005 – In Transit – Rome

Submitted by on October 2, 1998 – 6:14 pm
Tiru Gondar Sons_opt

I’d specifically requested an aisle seat, but when I boarded I found my seat already occupied. An elderly and rather fleshy Italian couple had sat in the first two seats, leaving the window seat open. They had barricaded themselves in with mountains of carry-on bags and were giving the evil eye to anyone coming down the aisle who even glanced in their direction. They glared at me with undiluted hatred when I stopped beside them and compared my boarding pass with the posted seat numbers. I marvelled, not for the first time, at the raw emotions that air travel seemed to bring out in people.
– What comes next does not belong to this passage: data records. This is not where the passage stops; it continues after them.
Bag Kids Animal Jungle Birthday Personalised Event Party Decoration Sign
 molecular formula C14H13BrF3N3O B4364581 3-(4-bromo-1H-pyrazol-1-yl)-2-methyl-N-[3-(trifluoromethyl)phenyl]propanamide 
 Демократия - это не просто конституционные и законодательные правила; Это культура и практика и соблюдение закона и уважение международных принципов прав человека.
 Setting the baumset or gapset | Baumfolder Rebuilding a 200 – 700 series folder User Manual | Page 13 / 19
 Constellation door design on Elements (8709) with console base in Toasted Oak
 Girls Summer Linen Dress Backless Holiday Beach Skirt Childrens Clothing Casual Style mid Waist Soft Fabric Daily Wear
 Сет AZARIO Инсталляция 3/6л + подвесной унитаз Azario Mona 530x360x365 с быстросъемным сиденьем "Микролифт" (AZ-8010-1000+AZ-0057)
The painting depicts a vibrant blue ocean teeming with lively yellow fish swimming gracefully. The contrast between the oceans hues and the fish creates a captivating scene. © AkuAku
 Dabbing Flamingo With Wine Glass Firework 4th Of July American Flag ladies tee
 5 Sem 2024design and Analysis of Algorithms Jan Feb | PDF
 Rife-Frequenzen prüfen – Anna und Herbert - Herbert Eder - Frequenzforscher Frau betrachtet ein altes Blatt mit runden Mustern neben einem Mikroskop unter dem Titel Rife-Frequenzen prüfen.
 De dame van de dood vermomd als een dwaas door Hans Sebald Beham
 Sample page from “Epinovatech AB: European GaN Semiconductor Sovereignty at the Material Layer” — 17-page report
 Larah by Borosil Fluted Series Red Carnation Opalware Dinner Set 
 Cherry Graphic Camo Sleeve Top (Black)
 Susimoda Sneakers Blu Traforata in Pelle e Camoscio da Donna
If it weren’t for the deliberately placed luggage barrier and the malicious stare they continued to bombard me with, I would have let it go. I like aisle seats, but I wasn’t going to spark an episode of ‘air rage’ over it. But I decided there was no way I was going to be trapped in that window seat for 8 hours by these two evil creatures. I knew they would instantly fall asleep, and I’d be imprisoned unless I suddenly developed wings. I bit the bullet and pointed out that they were in my seat. Their eyes widened with fury, but thankfully they let it go and shifted over in a complex move that would have done an army division proud. When all the dust and luggage had settled, they found out that the entire back section of the jet was empty and they nearly trampled me in their eagerness to get there and set up a perimeter.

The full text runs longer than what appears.